◆ DATASET EXCERPTS ◆
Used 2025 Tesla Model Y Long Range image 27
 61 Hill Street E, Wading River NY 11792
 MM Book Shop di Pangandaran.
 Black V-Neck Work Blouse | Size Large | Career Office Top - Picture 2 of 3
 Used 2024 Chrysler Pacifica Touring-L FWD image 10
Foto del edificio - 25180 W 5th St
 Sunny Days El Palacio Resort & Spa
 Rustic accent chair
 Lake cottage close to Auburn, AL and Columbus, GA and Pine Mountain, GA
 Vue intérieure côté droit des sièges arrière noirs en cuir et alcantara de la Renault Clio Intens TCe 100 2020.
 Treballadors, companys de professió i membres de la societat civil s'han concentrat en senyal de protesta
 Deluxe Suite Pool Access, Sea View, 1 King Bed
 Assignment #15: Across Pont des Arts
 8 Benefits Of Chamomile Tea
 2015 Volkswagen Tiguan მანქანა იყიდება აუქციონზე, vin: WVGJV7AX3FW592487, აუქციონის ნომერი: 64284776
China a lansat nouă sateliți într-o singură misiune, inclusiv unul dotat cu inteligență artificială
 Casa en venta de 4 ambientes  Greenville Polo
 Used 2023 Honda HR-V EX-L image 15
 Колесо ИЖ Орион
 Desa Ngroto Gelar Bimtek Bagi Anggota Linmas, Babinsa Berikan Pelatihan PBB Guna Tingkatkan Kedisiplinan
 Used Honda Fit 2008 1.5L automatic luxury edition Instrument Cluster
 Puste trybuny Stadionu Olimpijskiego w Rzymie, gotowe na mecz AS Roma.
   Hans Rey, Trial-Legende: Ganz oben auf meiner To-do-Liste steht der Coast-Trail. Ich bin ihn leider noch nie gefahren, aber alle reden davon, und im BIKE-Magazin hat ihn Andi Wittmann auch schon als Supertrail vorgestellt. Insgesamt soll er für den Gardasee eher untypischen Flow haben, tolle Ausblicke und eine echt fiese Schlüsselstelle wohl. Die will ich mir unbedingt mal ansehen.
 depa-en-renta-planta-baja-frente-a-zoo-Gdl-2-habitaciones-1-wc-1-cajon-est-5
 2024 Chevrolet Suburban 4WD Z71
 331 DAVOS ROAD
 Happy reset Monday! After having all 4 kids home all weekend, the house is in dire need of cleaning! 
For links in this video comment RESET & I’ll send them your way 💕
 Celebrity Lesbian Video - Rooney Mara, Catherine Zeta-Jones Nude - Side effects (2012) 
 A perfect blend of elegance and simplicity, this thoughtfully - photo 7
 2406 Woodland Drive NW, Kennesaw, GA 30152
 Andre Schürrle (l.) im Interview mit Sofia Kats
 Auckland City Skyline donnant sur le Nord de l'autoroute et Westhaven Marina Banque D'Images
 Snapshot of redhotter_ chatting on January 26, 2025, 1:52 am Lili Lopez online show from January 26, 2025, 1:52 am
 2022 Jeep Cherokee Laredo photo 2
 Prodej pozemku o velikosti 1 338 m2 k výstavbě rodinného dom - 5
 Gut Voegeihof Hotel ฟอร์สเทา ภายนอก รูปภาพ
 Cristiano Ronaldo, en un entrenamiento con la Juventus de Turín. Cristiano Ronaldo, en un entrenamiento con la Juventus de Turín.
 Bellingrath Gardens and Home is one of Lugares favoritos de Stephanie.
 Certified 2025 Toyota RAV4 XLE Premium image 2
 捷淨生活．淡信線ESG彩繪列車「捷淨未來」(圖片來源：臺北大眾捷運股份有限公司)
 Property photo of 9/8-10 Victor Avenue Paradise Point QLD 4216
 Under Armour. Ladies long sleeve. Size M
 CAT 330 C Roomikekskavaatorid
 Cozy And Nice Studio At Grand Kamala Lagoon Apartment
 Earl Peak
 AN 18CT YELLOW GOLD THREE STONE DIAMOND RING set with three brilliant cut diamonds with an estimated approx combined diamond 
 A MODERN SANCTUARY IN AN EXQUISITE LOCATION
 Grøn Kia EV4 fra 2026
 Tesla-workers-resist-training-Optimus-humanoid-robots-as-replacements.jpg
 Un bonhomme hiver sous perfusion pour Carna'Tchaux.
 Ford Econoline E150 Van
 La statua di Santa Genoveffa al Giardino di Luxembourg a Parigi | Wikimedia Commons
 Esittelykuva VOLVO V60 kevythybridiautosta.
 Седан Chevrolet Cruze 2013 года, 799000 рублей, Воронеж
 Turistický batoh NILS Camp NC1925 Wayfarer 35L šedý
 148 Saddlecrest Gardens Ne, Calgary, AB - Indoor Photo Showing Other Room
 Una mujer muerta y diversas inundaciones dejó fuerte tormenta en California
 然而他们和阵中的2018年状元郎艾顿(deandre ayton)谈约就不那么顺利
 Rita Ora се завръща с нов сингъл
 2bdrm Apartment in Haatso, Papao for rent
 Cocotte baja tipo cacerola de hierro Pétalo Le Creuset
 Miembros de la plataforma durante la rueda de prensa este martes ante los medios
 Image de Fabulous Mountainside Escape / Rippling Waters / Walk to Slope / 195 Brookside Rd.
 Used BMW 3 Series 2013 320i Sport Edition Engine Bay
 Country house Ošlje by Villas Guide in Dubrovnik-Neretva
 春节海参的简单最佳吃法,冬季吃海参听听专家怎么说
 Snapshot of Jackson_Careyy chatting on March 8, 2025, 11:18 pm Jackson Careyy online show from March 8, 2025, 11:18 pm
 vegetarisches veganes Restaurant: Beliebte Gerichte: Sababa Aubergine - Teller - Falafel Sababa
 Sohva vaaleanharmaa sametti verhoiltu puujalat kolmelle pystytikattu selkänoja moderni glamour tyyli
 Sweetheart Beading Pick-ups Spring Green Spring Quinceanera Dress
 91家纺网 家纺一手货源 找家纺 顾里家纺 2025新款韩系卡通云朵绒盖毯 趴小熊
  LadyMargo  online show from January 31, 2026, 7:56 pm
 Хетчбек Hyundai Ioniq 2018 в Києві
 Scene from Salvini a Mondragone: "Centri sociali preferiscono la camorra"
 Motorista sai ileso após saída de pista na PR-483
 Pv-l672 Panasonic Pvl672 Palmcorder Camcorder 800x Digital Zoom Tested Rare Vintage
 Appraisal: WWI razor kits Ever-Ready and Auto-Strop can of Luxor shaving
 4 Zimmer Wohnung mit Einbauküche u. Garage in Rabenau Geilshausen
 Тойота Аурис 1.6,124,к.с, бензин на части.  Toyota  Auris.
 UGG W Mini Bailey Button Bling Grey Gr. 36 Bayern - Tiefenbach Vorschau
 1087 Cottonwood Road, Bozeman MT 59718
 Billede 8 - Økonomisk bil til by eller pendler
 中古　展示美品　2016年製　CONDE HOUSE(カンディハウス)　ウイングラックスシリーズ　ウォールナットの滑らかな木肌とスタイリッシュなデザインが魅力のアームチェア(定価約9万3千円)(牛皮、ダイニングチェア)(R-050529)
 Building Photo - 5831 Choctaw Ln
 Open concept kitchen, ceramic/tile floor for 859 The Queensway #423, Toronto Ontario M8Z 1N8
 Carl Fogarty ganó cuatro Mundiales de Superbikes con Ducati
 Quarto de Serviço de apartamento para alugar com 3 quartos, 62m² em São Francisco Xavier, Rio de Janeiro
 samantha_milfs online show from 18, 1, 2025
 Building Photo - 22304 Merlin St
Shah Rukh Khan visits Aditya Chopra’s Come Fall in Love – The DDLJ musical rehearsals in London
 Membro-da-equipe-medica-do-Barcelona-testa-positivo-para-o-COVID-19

◆ YOUR TASK ◆
Please repeat the complete material exactly, with nothing omitted.

◆ SOLUTION ◆
Used 2025 Tesla Model Y Long Range image 27
 61 Hill Street E, Wading River NY 11792
 MM Book Shop di Pangandaran.
 Black V-Neck Work Blouse | Size Large | Career Office Top - Picture 2 of 3
 Used 2024 Chrysler Pacifica Touring-L FWD image 10
Foto del edificio - 25180 W 5th St
 Sunny Days El Palacio Resort & Spa
 Rustic accent chair
 Lake cottage close to Auburn, AL and Columbus, GA and Pine Mountain, GA
 Vue intérieure côté droit des sièges arrière noirs en cuir et alcantara de la Renault Clio Intens TCe 100 2020.
 Treballadors, companys de professió i membres de la societat civil s'han concentrat en senyal de protesta
 Deluxe Suite Pool Access, Sea View, 1 King Bed
 Assignment #15: Across Pont des Arts
 8 Benefits Of Chamomile Tea
 2015 Volkswagen Tiguan მანქანა იყიდება აუქციონზე, vin: WVGJV7AX3FW592487, აუქციონის ნომერი: 64284776
China a lansat nouă sateliți într-o singură misiune, inclusiv unul dotat cu inteligență artificială
 Casa en venta de 4 ambientes  Greenville Polo
 Used 2023 Honda HR-V EX-L image 15
 Колесо ИЖ Орион
 Desa Ngroto Gelar Bimtek Bagi Anggota Linmas, Babinsa Berikan Pelatihan PBB Guna Tingkatkan Kedisiplinan
 Used Honda Fit 2008 1.5L automatic luxury edition Instrument Cluster
 Puste trybuny Stadionu Olimpijskiego w Rzymie, gotowe na mecz AS Roma.
   Hans Rey, Trial-Legende: Ganz oben auf meiner To-do-Liste steht der Coast-Trail. Ich bin ihn leider noch nie gefahren, aber alle reden davon, und im BIKE-Magazin hat ihn Andi Wittmann auch schon als Supertrail vorgestellt. Insgesamt soll er für den Gardasee eher untypischen Flow haben, tolle Ausblicke und eine echt fiese Schlüsselstelle wohl. Die will ich mir unbedingt mal ansehen.
 depa-en-renta-planta-baja-frente-a-zoo-Gdl-2-habitaciones-1-wc-1-cajon-est-5
 2024 Chevrolet Suburban 4WD Z71
 331 DAVOS ROAD
 Happy reset Monday! After having all 4 kids home all weekend, the house is in dire need of cleaning! 
For links in this video comment RESET & I’ll send them your way 💕
 Celebrity Lesbian Video - Rooney Mara, Catherine Zeta-Jones Nude - Side effects (2012) 
 A perfect blend of elegance and simplicity, this thoughtfully - photo 7
 2406 Woodland Drive NW, Kennesaw, GA 30152
 Andre Schürrle (l.) im Interview mit Sofia Kats
 Auckland City Skyline donnant sur le Nord de l'autoroute et Westhaven Marina Banque D'Images
 Snapshot of redhotter_ chatting on January 26, 2025, 1:52 am Lili Lopez online show from January 26, 2025, 1:52 am
 2022 Jeep Cherokee Laredo photo 2
 Prodej pozemku o velikosti 1 338 m2 k výstavbě rodinného dom - 5
 Gut Voegeihof Hotel ฟอร์สเทา ภายนอก รูปภาพ
 Cristiano Ronaldo, en un entrenamiento con la Juventus de Turín. Cristiano Ronaldo, en un entrenamiento con la Juventus de Turín.
 Bellingrath Gardens and Home is one of Lugares favoritos de Stephanie.
 Certified 2025 Toyota RAV4 XLE Premium image 2
 捷淨生活．淡信線ESG彩繪列車「捷淨未來」(圖片來源：臺北大眾捷運股份有限公司)
 Property photo of 9/8-10 Victor Avenue Paradise Point QLD 4216
 Under Armour. Ladies long sleeve. Size M
 CAT 330 C Roomikekskavaatorid
 Cozy And Nice Studio At Grand Kamala Lagoon Apartment
 Earl Peak
 AN 18CT YELLOW GOLD THREE STONE DIAMOND RING set with three brilliant cut diamonds with an estimated approx combined diamond 
 A MODERN SANCTUARY IN AN EXQUISITE LOCATION
 Grøn Kia EV4 fra 2026
 Tesla-workers-resist-training-Optimus-humanoid-robots-as-replacements.jpg
 Un bonhomme hiver sous perfusion pour Carna'Tchaux.
 Ford Econoline E150 Van
 La statua di Santa Genoveffa al Giardino di Luxembourg a Parigi | Wikimedia Commons
 Esittelykuva VOLVO V60 kevythybridiautosta.
 Седан Chevrolet Cruze 2013 года, 799000 рублей, Воронеж
 Turistický batoh NILS Camp NC1925 Wayfarer 35L šedý
 148 Saddlecrest Gardens Ne, Calgary, AB - Indoor Photo Showing Other Room
 Una mujer muerta y diversas inundaciones dejó fuerte tormenta en California
 然而他们和阵中的2018年状元郎艾顿(deandre ayton)谈约就不那么顺利
 Rita Ora се завръща с нов сингъл
 2bdrm Apartment in Haatso, Papao for rent
 Cocotte baja tipo cacerola de hierro Pétalo Le Creuset
 Miembros de la plataforma durante la rueda de prensa este martes ante los medios
 Image de Fabulous Mountainside Escape / Rippling Waters / Walk to Slope / 195 Brookside Rd.
 Used BMW 3 Series 2013 320i Sport Edition Engine Bay
 Country house Ošlje by Villas Guide in Dubrovnik-Neretva
 春节海参的简单最佳吃法,冬季吃海参听听专家怎么说
 Snapshot of Jackson_Careyy chatting on March 8, 2025, 11:18 pm Jackson Careyy online show from March 8, 2025, 11:18 pm
 vegetarisches veganes Restaurant: Beliebte Gerichte: Sababa Aubergine - Teller - Falafel Sababa
 Sohva vaaleanharmaa sametti verhoiltu puujalat kolmelle pystytikattu selkänoja moderni glamour tyyli
 Sweetheart Beading Pick-ups Spring Green Spring Quinceanera Dress
 91家纺网 家纺一手货源 找家纺 顾里家纺 2025新款韩系卡通云朵绒盖毯 趴小熊
  LadyMargo  online show from January 31, 2026, 7:56 pm
 Хетчбек Hyundai Ioniq 2018 в Києві
 Scene from Salvini a Mondragone: "Centri sociali preferiscono la camorra"
 Motorista sai ileso após saída de pista na PR-483
 Pv-l672 Panasonic Pvl672 Palmcorder Camcorder 800x Digital Zoom Tested Rare Vintage
 Appraisal: WWI razor kits Ever-Ready and Auto-Strop can of Luxor shaving
 4 Zimmer Wohnung mit Einbauküche u. Garage in Rabenau Geilshausen
 Тойота Аурис 1.6,124,к.с, бензин на части.  Toyota  Auris.
 UGG W Mini Bailey Button Bling Grey Gr. 36 Bayern - Tiefenbach Vorschau
 1087 Cottonwood Road, Bozeman MT 59718
 Billede 8 - Økonomisk bil til by eller pendler
 中古　展示美品　2016年製　CONDE HOUSE(カンディハウス)　ウイングラックスシリーズ　ウォールナットの滑らかな木肌とスタイリッシュなデザインが魅力のアームチェア(定価約9万3千円)(牛皮、ダイニングチェア)(R-050529)
 Building Photo - 5831 Choctaw Ln
 Open concept kitchen, ceramic/tile floor for 859 The Queensway #423, Toronto Ontario M8Z 1N8
 Carl Fogarty ganó cuatro Mundiales de Superbikes con Ducati
 Quarto de Serviço de apartamento para alugar com 3 quartos, 62m² em São Francisco Xavier, Rio de Janeiro
 samantha_milfs online show from 18, 1, 2025
 Building Photo - 22304 Merlin St
Shah Rukh Khan visits Aditya Chopra’s Come Fall in Love – The DDLJ musical rehearsals in London
 Membro-da-equipe-medica-do-Barcelona-testa-positivo-para-o-COVID-19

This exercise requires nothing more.